Cultural Must #2 — DO use hard data to coach employees
“The true measure of the value of any business leader and manager is performance.” — Brian Tracy
Numbers are by-products of the work that’s been put in. There’s no argument behind what shows up. There may be a story about it, but results are results.
For this reason, the more we leverage hard data to coach our employees, the more effective the message will get across. We’re able to depict their behavior directly influencing a number, and then provide ways they are able to change it.
No one likes a subjective criticism, as it’s always up for debate. And the minute we begin to argue with our employees, we’ve lost their respect as a leader.
Cultural Must #3 — DO use soft data to praise employees
“A man doesn’t live on bread alone. He needs buttering up every once in a while.” — Robert Henry
While hard data can be leveraged to both coach and praise team members, soft data isn’t inherently useless.
Feedback and opinions received from clients, other team members, or simply our personal views can be incredible ways to praise employees.
Most notably, when it’s our own view we’re sharing as the means, it goes the furthest distance of all. Highlighting areas such as attitude, commitment, work ethic, and open-mindedness seem to hit home the loudest. It communicates we see something in them — something that we’ll never be certain about what’s actually going on underneath the hood. It could’ve been deliberate or coincidence, yet we’ve still chosen to see them in an empowering light.
And therein lies, the ultimate compliment.
Cultural Must #4 — DO communicate openly and often
“Communication is the sister of leadership.” — John Adair
A business cannot thrive without exceptional communication. It’s what brings innovation to light and gets marketing out in the open.

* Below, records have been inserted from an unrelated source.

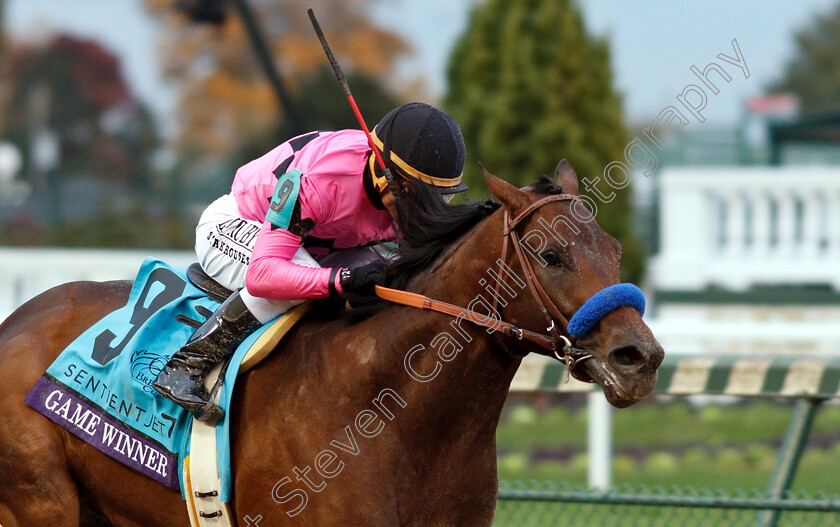 Game-Winner-0004 
 GAME WINNER (Joel Rosario) wins The Breeders' Cup Juvenile
Churchill Downs 2 Nov 2018 - Pic Steven Cargill / Racingfotos.com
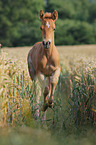 German Riding Pony foal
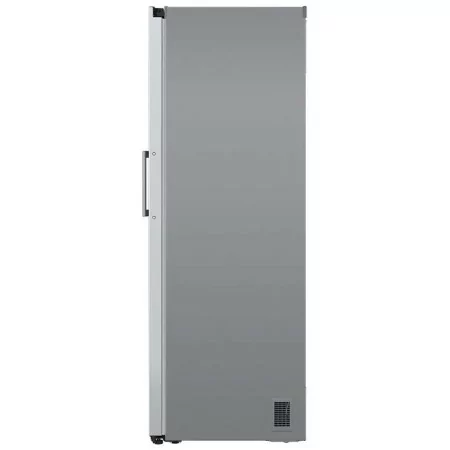1 Door Fridge LG GLE51PZGSZ - 386L - No Frost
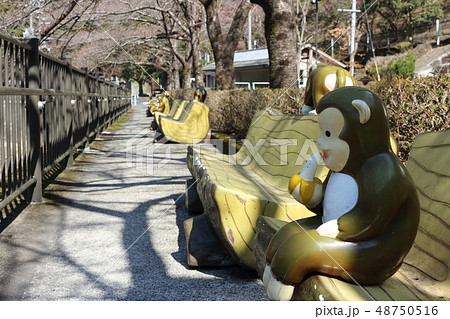 サルのベンチ　奈良県　猿谷ダム 48750516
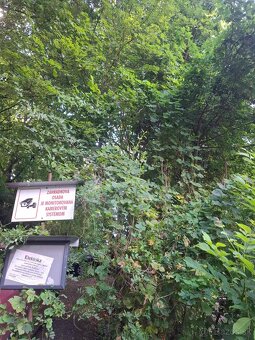 Rekreačná nehnuteľnosť? Trvalé bývanie? Výhodná investícia? - 10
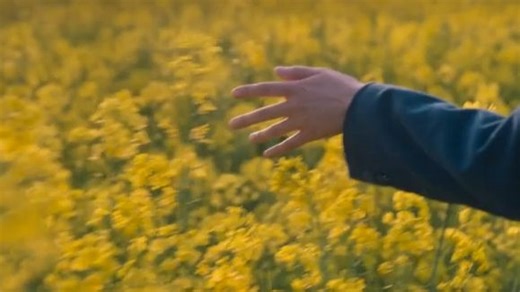 2025年度最佳韩剧预定！《苦尽柑来遇见你》首曝预告1｜双重生 虐恋治愈｜财阀逆袭人生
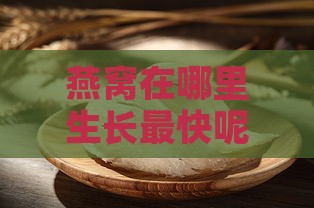 燕窝在哪里生长最快呢：燕窝的生长地点及最快生长区域探讨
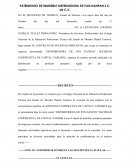 PATRIMONIO DE INMUEBLE DISTRIBUIDORA DE PAN DANPAN S.C. de C.V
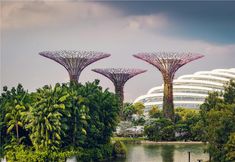 その他 2 Conrad Singapore Marina Bay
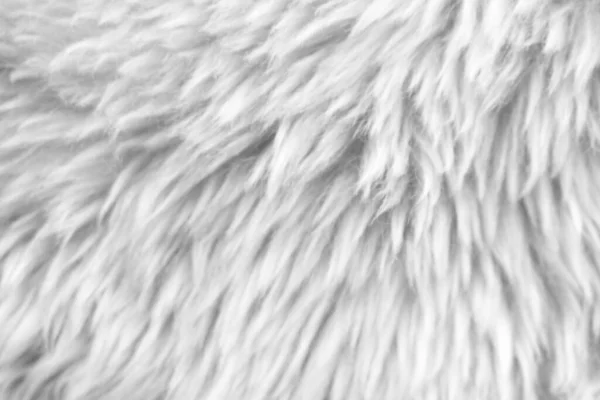 Fundo Textura Branca Ovelha Natural Leve Textura Pele Macia Branca — Fotografia de Stock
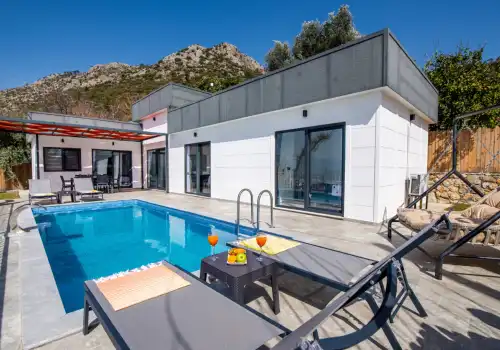 Villa Ural Üzümlü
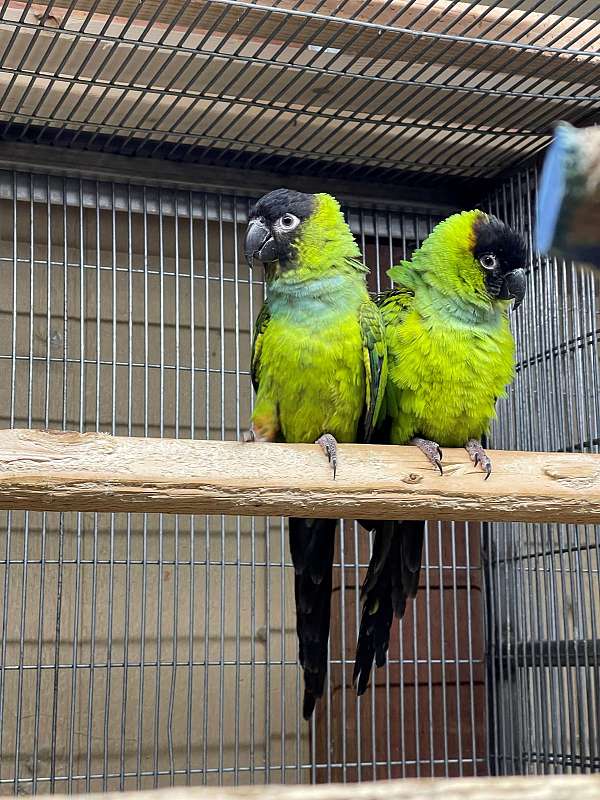 bonded-pair-bird-for-sale-in-riverbank-ca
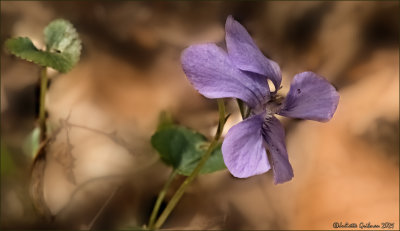 
bosviooltje (Viola riviniana)
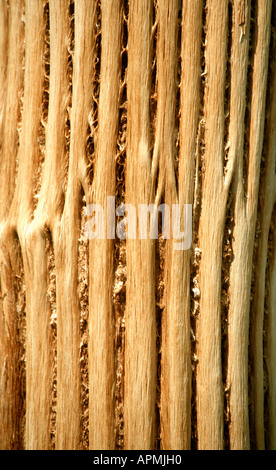 Sonora-Wüste - South West Arizona - USA tot Saguaro-Kaktus Stockfoto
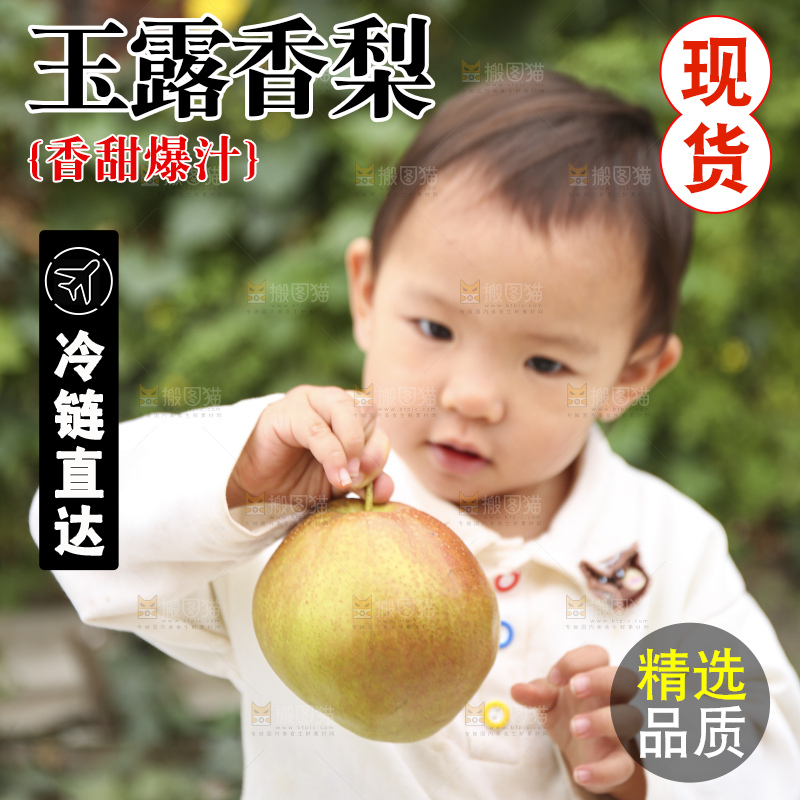 手里拿着玉露香梨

Every business is different, just like motor vehicles. But like motor vehicles, none can run without a power source. Communication is that power source for businesses.
No one says you have to talk to every single team member every single day, but imagine if you did?
How far do you think that would go? If you’re answer is anything short of a light-year, you want to work on being more open with your team.
Many leaders fall victim to withholding how they really feel about their team to avoid inflating their ego and allowing them to get comfortable.
Sharing how brilliant we think our team members are and them pumping the brakes as a result is a myth. Tell your team often and authentically how you feel about them. And don’t worry about this becoming an expectation — if you’re truly committed to their job satisfaction, you’ll keep doing it regardless.
Cultural Must #5 — DO treat your leadership team like partners
A leader without an equally-invested inner circle will almost always fail.
You don’t send one man into combat, you send a team. When the top of the organization stays in alignment and communicates effectively and respectfully, the entire company benefits.
This cannot be done without the leader letting go of control and allowing his leadership team to have a say in what gets carried out.
The buck absolutely stops with the leader, but a leader that pulls rank too often will alienate the leadership team to the point of cultural infection.
As Dan Oswold puts it, “Communication must be HOT. Honest, open, and two-way.”